The dwell period is the time when the secondary windings in the ignition coil charge the magnetic field up for another high voltage blast when the points open (20,000-40,000 volts!). It can generally be said that the longer the period of dwell, the higher voltage the spark. On most four cylinder engines, the dwell period is about 60°, but the Mallory Dual-Point Distributor has a dwell period of 72°, so even if you choose to use your stock coil, you will still have a "hotter" spark, as the coil has more time to charge itself up than with a conventional distributor. This is accomplished in the Mallory unit by the following process. In the four cylinder distributor the point cam has eight lobes, and as it rotates, it opens the primary set of points completely, triggering the coil. Then the lobe rotates another 8° and opens the secondary set of points. Shortly after the secondary set has begun to open, the primary set closes, and the ignition coil starts charging even though the secondary set is still open. After the secondary set has closed the process starts again for the next cylinder.  
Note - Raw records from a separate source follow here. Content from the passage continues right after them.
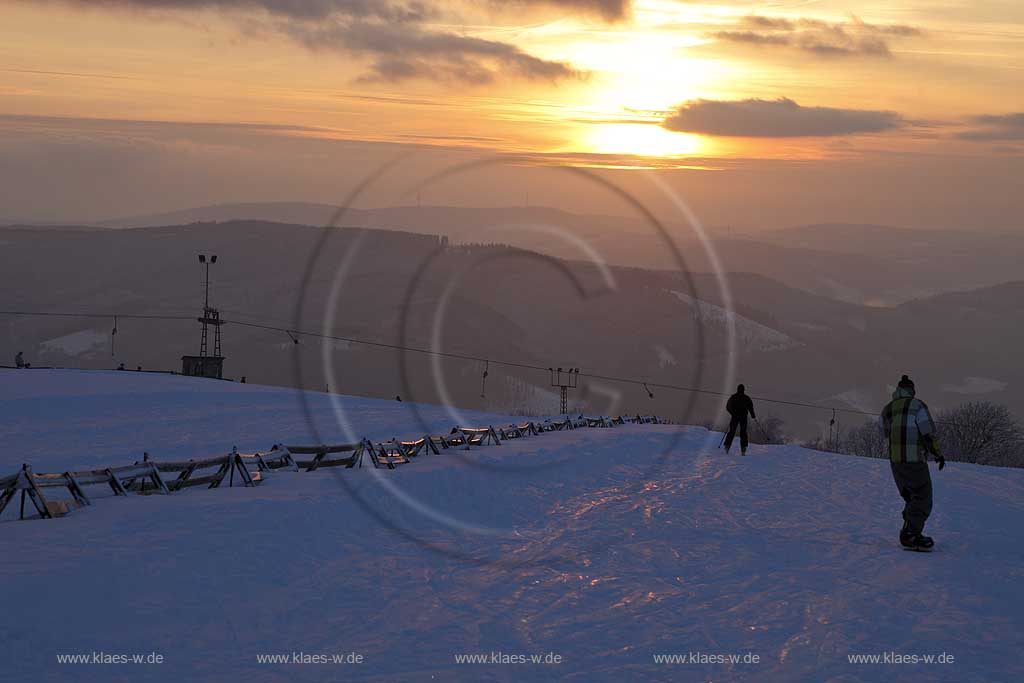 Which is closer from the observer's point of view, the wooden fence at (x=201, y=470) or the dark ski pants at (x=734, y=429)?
the wooden fence at (x=201, y=470)

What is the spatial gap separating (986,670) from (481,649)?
15.7ft

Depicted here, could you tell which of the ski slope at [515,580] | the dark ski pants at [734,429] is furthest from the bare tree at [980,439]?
the ski slope at [515,580]

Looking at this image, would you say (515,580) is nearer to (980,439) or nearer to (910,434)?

Why not just crank open the points for more dwell in your stock distributor? You could, but this would have an adverse effect on the ignition timing and the points would wear in short order, as they are designed to work at a specified gap, all of which would result in a loss of performance and economy. Another feature of the Mallory Dual-Point Distributor is the fact that it has a full centrifugal advance unit, rather than the part-centrifugal, part-vacuum advance system used on the stock Lucas distributors. This feature may make it illegal for use on pollution-controlled vehicles (check your local and state laws before using this unit on the street) but makes it perfect for use with high performance engines equipped with sidedraft carburetors that often lack a vacuum port for use with a stock distributor. The Mallory unit is also easily adjustable for total amount of ignition advance, and comes preset at 28° allowing the serious enthusiast the ultimate in tune-ability. The Mallory Dual-Point is supplied without a drive dog or gear, which must be transferred from the old distributor. Mallory has been making high performance ignition systems since 1932, was even a popular modification to MG TCs when they were new! 
Today there is a Mallory Dual-Point to fit most British cars, so if you're looking for the ultimate in high performance ignition systems, look no further than the Mallory Dual-Point distributor " .


Wow - it takes a lot of engineering to apply a charge to a spark plug. It took a couple of days for all this to sink in and I'm thinking we will see a bit of complexity with this definite non-stock component!!